_What is needed_: Somewhere below is a line with "cyrtostachys renda using" and, later, a line with "Amaryllis Watercolour Study by Hannah Clark"; repeat those two lines and all the lines between them, exactly as they are.

(Information supplied begins)

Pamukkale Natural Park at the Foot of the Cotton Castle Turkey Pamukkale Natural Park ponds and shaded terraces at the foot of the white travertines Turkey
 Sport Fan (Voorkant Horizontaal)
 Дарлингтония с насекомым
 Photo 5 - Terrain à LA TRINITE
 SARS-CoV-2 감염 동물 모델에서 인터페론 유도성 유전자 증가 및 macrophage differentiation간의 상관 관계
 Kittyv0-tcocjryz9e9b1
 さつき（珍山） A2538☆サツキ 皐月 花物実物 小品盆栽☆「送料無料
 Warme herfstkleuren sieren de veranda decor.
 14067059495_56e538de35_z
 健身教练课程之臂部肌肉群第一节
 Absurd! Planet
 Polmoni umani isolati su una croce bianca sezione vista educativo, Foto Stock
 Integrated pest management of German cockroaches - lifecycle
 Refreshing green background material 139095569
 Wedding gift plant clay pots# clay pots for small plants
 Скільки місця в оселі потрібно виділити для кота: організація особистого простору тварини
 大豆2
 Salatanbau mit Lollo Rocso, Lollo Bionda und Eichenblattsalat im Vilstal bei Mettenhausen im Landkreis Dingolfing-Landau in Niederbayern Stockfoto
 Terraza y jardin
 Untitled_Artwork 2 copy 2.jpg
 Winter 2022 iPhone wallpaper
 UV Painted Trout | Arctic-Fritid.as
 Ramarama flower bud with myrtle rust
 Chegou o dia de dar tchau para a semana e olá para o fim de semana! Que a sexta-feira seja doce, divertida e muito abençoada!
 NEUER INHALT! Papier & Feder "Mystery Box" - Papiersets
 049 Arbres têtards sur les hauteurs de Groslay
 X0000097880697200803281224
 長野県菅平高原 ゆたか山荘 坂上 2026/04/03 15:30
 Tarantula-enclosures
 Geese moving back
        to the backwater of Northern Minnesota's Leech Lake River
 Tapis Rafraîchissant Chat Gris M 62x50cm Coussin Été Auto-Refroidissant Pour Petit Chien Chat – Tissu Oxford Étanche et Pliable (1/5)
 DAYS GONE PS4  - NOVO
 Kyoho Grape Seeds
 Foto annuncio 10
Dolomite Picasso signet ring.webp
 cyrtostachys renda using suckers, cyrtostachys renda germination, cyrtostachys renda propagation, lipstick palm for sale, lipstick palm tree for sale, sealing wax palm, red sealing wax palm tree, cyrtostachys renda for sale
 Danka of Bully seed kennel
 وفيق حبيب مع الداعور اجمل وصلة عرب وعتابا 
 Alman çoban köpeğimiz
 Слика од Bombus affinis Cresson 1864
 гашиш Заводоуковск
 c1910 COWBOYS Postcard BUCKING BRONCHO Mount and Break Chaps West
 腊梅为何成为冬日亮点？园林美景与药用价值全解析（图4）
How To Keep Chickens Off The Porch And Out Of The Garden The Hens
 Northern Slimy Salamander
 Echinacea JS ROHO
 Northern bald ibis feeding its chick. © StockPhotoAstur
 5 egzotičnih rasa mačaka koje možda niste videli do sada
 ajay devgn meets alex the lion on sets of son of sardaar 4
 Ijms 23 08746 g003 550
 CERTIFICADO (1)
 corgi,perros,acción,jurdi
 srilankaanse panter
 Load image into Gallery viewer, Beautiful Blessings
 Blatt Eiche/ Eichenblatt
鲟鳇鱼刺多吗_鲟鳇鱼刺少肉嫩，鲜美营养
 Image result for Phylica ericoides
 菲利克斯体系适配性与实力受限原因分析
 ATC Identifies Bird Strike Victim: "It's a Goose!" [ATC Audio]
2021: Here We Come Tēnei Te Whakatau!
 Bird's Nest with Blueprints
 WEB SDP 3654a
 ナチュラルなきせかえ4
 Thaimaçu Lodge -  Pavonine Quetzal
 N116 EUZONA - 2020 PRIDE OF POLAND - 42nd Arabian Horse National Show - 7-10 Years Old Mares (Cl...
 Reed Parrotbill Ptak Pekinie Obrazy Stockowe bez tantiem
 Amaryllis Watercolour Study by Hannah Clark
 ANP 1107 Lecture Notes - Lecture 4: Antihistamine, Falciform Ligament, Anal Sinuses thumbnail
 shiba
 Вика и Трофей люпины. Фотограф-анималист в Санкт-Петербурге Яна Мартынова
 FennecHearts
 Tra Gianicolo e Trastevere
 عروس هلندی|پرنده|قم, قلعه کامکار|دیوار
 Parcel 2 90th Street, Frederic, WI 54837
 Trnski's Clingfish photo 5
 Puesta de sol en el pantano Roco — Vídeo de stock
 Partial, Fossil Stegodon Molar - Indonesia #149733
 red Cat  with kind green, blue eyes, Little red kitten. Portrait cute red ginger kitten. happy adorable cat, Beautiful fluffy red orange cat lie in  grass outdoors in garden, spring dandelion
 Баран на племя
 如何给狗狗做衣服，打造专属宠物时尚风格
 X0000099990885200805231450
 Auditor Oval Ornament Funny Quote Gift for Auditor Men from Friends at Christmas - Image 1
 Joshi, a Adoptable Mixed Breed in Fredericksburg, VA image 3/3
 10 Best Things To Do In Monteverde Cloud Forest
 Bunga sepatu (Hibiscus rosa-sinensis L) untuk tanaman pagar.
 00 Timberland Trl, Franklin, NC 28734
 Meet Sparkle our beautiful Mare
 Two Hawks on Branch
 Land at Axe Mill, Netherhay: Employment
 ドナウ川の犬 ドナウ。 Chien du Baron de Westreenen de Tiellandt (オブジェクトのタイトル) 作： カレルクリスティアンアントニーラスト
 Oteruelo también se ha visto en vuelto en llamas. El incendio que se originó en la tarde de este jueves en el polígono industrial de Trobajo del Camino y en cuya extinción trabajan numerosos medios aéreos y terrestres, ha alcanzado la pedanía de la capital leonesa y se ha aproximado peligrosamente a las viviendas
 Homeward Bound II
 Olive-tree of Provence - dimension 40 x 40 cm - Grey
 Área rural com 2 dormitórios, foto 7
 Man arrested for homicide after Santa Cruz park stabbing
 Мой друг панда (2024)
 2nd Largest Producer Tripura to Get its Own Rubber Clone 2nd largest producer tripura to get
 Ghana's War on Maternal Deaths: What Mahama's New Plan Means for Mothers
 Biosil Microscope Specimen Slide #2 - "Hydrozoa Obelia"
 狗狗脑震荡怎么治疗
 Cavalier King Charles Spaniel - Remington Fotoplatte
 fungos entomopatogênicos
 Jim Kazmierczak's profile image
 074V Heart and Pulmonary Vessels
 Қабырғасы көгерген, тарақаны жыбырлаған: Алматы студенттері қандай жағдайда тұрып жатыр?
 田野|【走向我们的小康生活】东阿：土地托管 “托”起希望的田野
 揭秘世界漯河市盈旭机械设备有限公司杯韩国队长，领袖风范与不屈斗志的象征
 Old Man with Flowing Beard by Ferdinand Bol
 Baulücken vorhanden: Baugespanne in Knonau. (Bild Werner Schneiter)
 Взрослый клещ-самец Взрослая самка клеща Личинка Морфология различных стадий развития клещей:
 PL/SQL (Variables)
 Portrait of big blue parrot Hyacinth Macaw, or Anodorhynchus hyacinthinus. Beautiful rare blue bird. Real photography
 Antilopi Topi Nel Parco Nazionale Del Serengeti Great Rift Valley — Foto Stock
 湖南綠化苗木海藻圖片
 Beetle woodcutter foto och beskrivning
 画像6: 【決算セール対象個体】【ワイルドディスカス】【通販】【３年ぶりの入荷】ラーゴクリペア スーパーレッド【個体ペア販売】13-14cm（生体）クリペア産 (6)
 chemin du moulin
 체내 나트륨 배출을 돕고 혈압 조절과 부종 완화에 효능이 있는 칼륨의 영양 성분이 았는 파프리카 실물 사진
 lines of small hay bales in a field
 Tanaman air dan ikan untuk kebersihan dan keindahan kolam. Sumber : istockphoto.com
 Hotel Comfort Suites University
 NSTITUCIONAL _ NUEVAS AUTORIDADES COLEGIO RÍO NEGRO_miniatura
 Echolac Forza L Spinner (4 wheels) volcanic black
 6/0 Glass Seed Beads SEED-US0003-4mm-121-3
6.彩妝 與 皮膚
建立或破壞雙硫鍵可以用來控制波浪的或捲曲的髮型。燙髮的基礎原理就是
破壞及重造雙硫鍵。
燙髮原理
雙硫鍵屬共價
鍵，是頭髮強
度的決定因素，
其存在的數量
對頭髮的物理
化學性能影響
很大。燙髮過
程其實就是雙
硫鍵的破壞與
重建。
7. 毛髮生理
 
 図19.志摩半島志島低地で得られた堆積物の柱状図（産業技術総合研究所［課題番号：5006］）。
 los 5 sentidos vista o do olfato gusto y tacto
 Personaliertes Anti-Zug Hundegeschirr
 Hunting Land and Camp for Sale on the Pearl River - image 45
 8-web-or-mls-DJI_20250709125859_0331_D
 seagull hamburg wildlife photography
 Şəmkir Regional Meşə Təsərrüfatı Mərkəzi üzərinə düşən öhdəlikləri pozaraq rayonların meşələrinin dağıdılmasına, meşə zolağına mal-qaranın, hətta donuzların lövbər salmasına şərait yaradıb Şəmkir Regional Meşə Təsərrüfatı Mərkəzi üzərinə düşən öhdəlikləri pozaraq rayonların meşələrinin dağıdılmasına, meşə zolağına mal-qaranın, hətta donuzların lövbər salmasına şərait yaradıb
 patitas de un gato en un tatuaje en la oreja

(Information supplied ends)

_Answer to this exercise_:
 cyrtostachys renda using suckers, cyrtostachys renda germination, cyrtostachys renda propagation, lipstick palm for sale, lipstick palm tree for sale, sealing wax palm, red sealing wax palm tree, cyrtostachys renda for sale
 Danka of Bully seed kennel
 وفيق حبيب مع الداعور اجمل وصلة عرب وعتابا 
 Alman çoban köpeğimiz
 Слика од Bombus affinis Cresson 1864
 гашиш Заводоуковск
 c1910 COWBOYS Postcard BUCKING BRONCHO Mount and Break Chaps West
 腊梅为何成为冬日亮点？园林美景与药用价值全解析（图4）
How To Keep Chickens Off The Porch And Out Of The Garden The Hens
 Northern Slimy Salamander
 Echinacea JS ROHO
 Northern bald ibis feeding its chick. © StockPhotoAstur
 5 egzotičnih rasa mačaka koje možda niste videli do sada
 ajay devgn meets alex the lion on sets of son of sardaar 4
 Ijms 23 08746 g003 550
 CERTIFICADO (1)
 corgi,perros,acción,jurdi
 srilankaanse panter
 Load image into Gallery viewer, Beautiful Blessings
 Blatt Eiche/ Eichenblatt
鲟鳇鱼刺多吗_鲟鳇鱼刺少肉嫩，鲜美营养
 Image result for Phylica ericoides
 菲利克斯体系适配性与实力受限原因分析
 ATC Identifies Bird Strike Victim: "It's a Goose!" [ATC Audio]
2021: Here We Come Tēnei Te Whakatau!
 Bird's Nest with Blueprints
 WEB SDP 3654a
 ナチュラルなきせかえ4
 Thaimaçu Lodge -  Pavonine Quetzal
 N116 EUZONA - 2020 PRIDE OF POLAND - 42nd Arabian Horse National Show - 7-10 Years Old Mares (Cl...
 Reed Parrotbill Ptak Pekinie Obrazy Stockowe bez tantiem
 Amaryllis Watercolour Study by Hannah Clark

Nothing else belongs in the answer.